Notes on Failing to Understand Software Transactional Memory

Posted on May 22, 2016

I am writing some library to easily implement event sourced services in Haskell based on previous experience at Capital Match, and while doing so I rewrote a simple file-based event store. This store communicates with core service using TBQueue, a bounded queue implemented over Haskell’s STM. It took me couple of hours on Friday to solve a BlockedIndefinitelyOnSTM bug I was facing while testing this simple store. So today I posted a question about STM on Stack Overflow, as I did not have a clear intuition on why my code was failing, hence why my fix was correct.

The code of the store boils down to the following simple model.

First some useful imports…

{-# LANGUAGE ScopedTypeVariables #-}
module Main where

import           Control.Concurrent.Async
import           Control.Concurrent.STM
import           Control.Exception
import           Control.Monad            (forever)
import           Hevents.Eff
import           System.IO

The store dequeues some operation from a given queue, writes the operation’s string to stdout then put back the length of the written string into a TMVar, which models communicating the result of the operation back to the caller.
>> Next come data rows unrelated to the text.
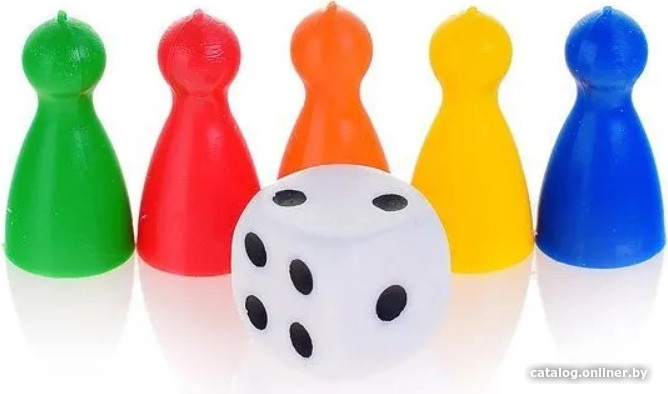 Настольная игра Русский стиль Стартап 04030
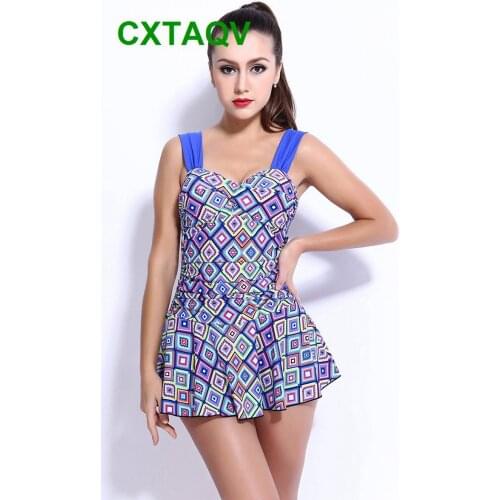 CXTAQV Fashion Swimwear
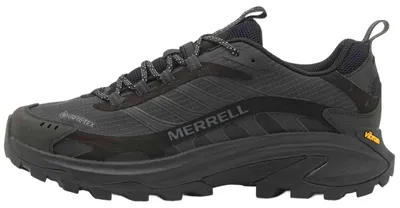 Obrázok produktu pre Merrell Moab Speed 2 GORE-TEX®, Čierna, 365 g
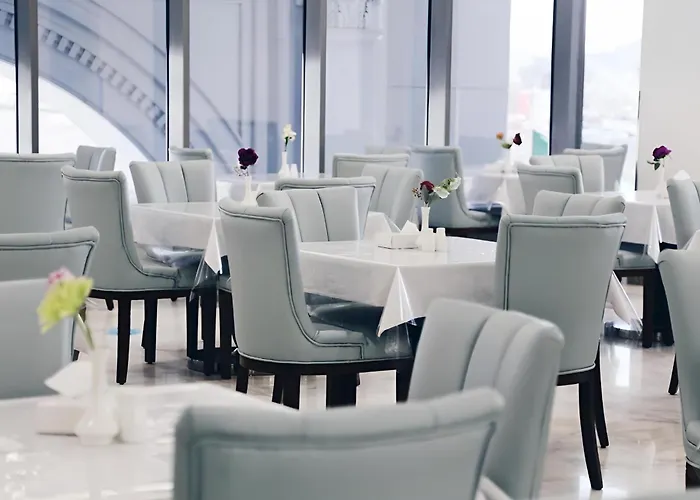 Zaha Taiba Hotel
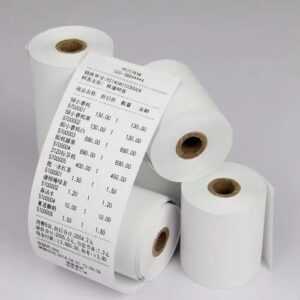 What Is the Difference Between Thermal Paper and Normal Paper?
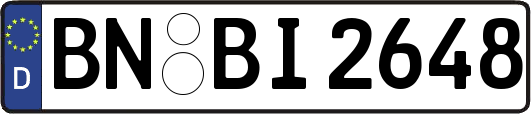 BN-BI2648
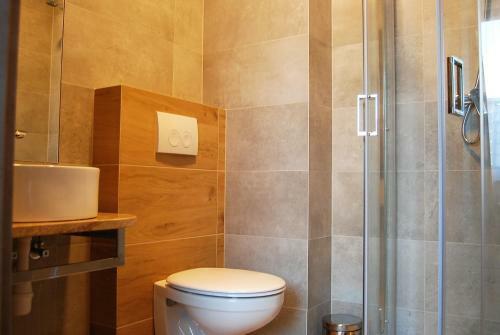 Bed & Breakfast Villa Natura Zator Przecisz�w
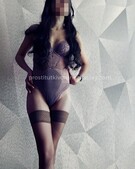 Анкета проститутки Леночка - метро Ростокино, возраст - 25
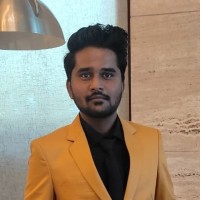 Ankit Ankushe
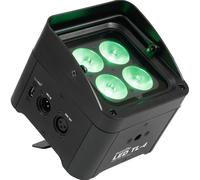 Eurolite LED TL-4 projecteur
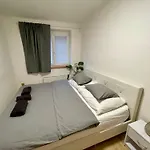 Park, 24h Checkin & Centre Apartamento *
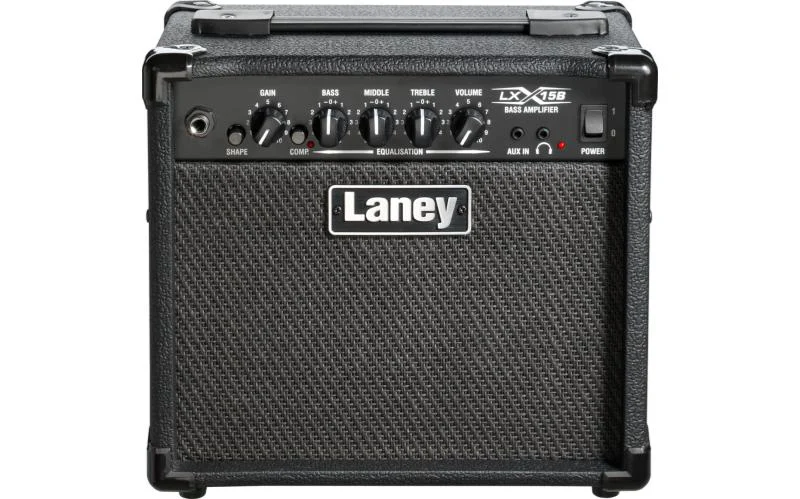 מגבר בס LX15B מבית Laney - תמונה 2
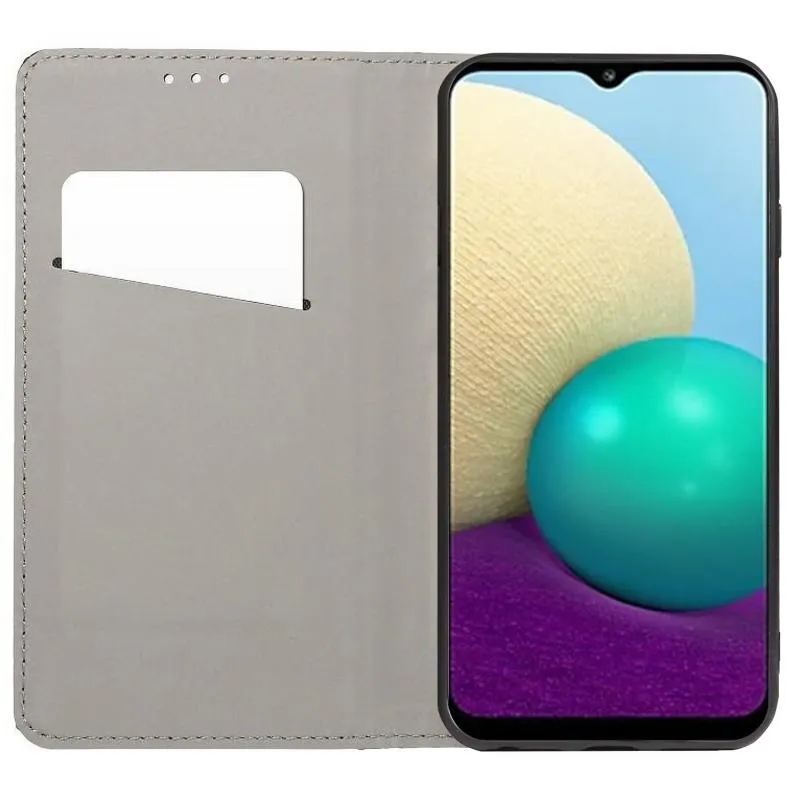 Чохол-книжка Magnet для Xiaomi Redmi Note 11 / Note 11S Black — фото 3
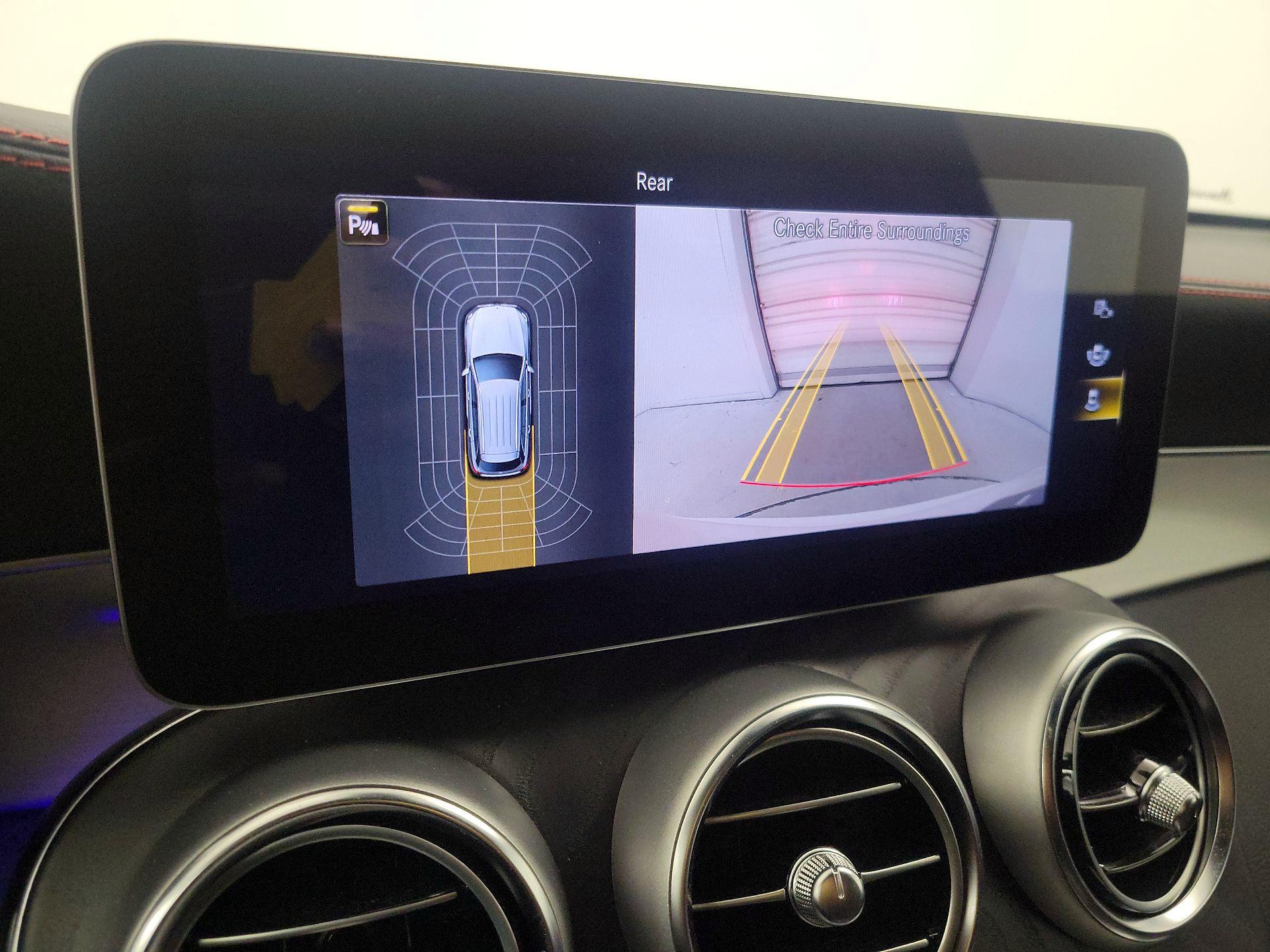 Thumbnail: 2022 Mercedes-Benz GLC - 15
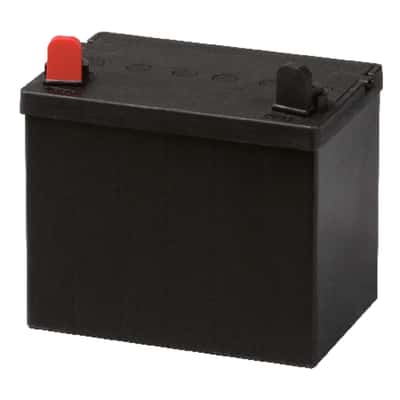 Diehard 190 Cca 12 Volt Lawn And Garden Battery Ace Hardware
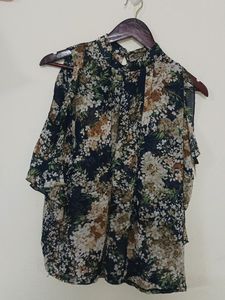 Floral Top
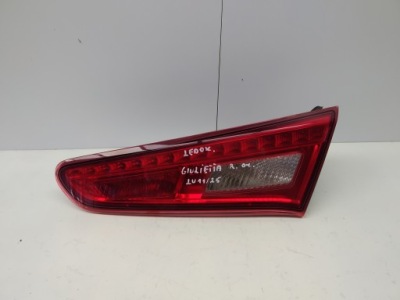 2010r- alfa romeo giulietta фара led правий w кришці  задній om 50513400 фото №1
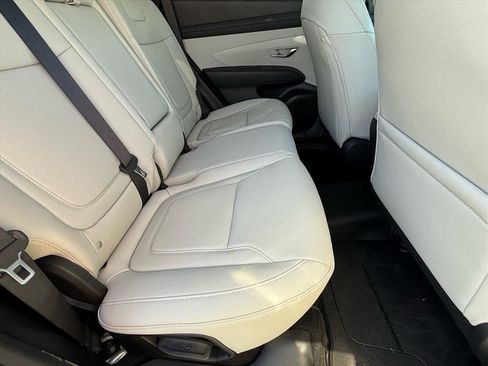 New 2026 Hyundai Tucson SEL AWD/4WD image 11
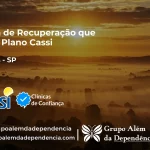 Clínica de Recuperação que Aceita CASSI em Batatais -SP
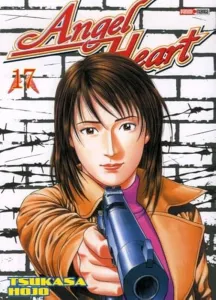 Angel Heart, Tome 17
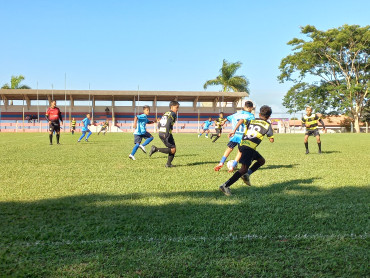 Foto 13: CAQ sagrou-se vice-campeão na categoria 2014 da Copa Mercosul  2026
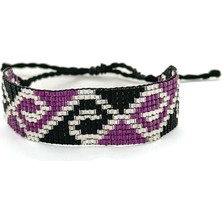 Helenist Design Miyuki Şık Tasarım Bileklik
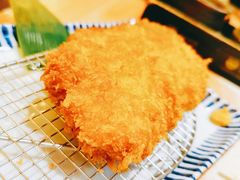 里肌猪排套餐-堂本家洋食别馆·炸猪排(中心城店)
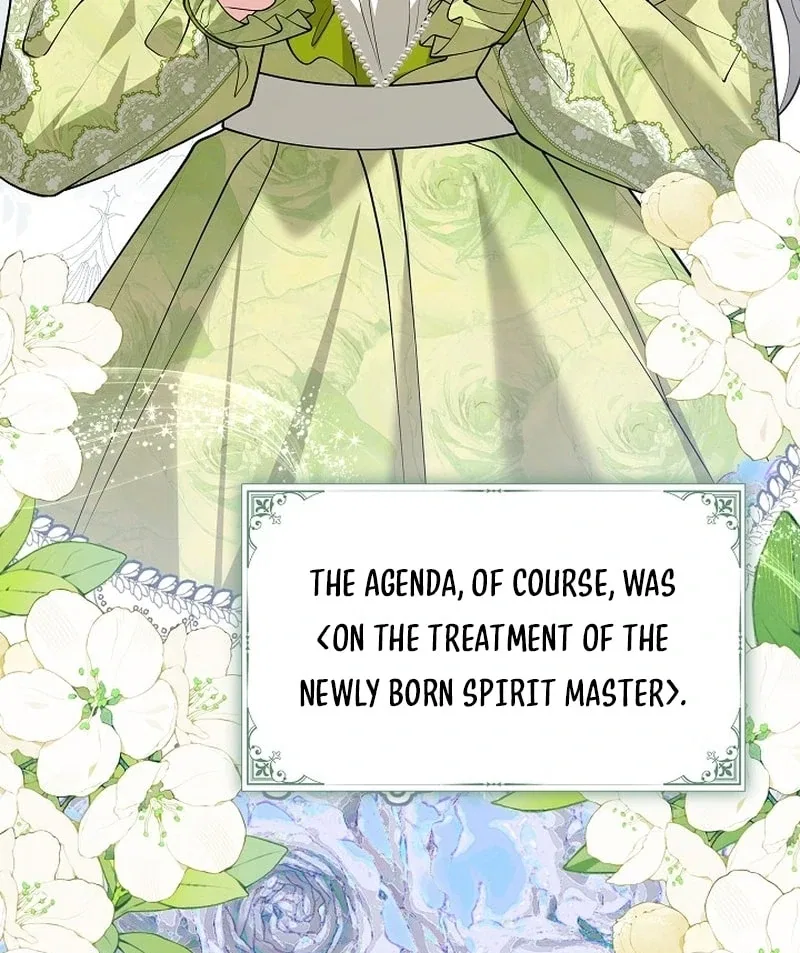 K-Eldest Daughter Possessed a Childcare Novel Chapter 38 – Page 8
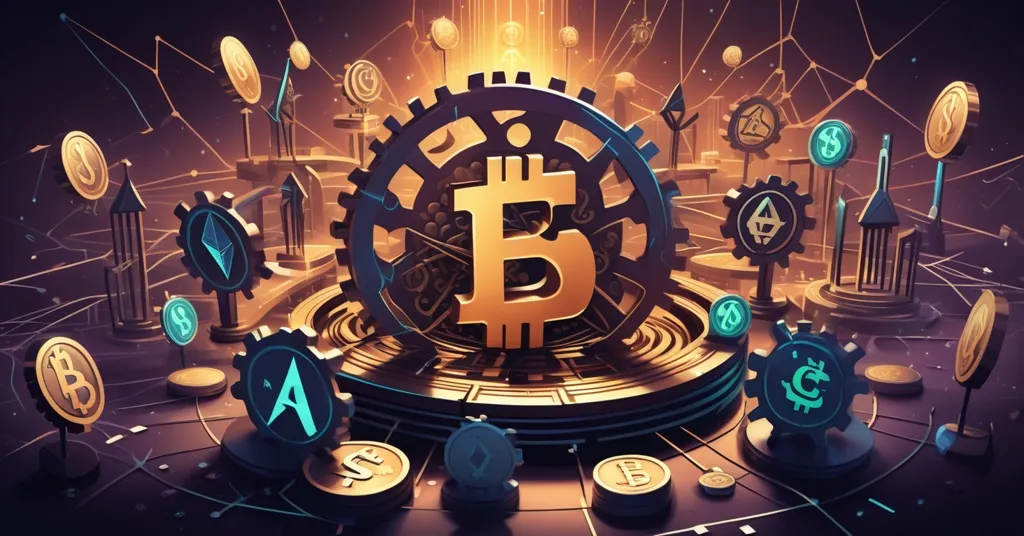 CFTC Endorses Stablecoins, SEC Targets L2s, and Trump-Linked Crypto Sparks Controversy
data Op = Op String (TMVar Int)

storerun :: TBQueue Op -> IO ()
storerun q = do
  h <- openFile "store.test" ReadWriteMode
  hSetBuffering h NoBuffering
  forever $ do
    Op s v <- atomically $ readTBQueue q
    hPutStrLn h s
    atomically $ putTMVar v (length s)

The main function is responsible for creating the jobs queue, starting the “store” in a separate thread then reading lines from stdin and feeding them as “operations” for the store.

main :: IO ()
main = do
  q <- newTBQueueIO 100
  _ <- async $ storerun q
  storeInput q
  where
    storeInput q = forever $ do
      l <- getLine
      v <- newEmptyTMVarIO
      r <- atomically $ do
        writeTBQueue q (Op l v)
        takeTMVar v

This code deadlocks because STM are actually - surprise! - transactions: They do all of their operations, or nothing, and they are serialized. Hence the following block:

r <- atomically $ do
  writeTBQueue q (Op l v)
  takeTMVar v

…can succeeds if and only if it can atomically put an operation in the queue and read the result back from v. Which of course is not possible because the result is put back after the operation is read from the queue in another transaction. The correct code is:

atomically $ writeTBQueue q (Op l v)
r <- atomically $ takeTMVar v

Pretty obvious, in retrospect. As the person who answered my question on SO, there is no way for two STM transactions to exchange information.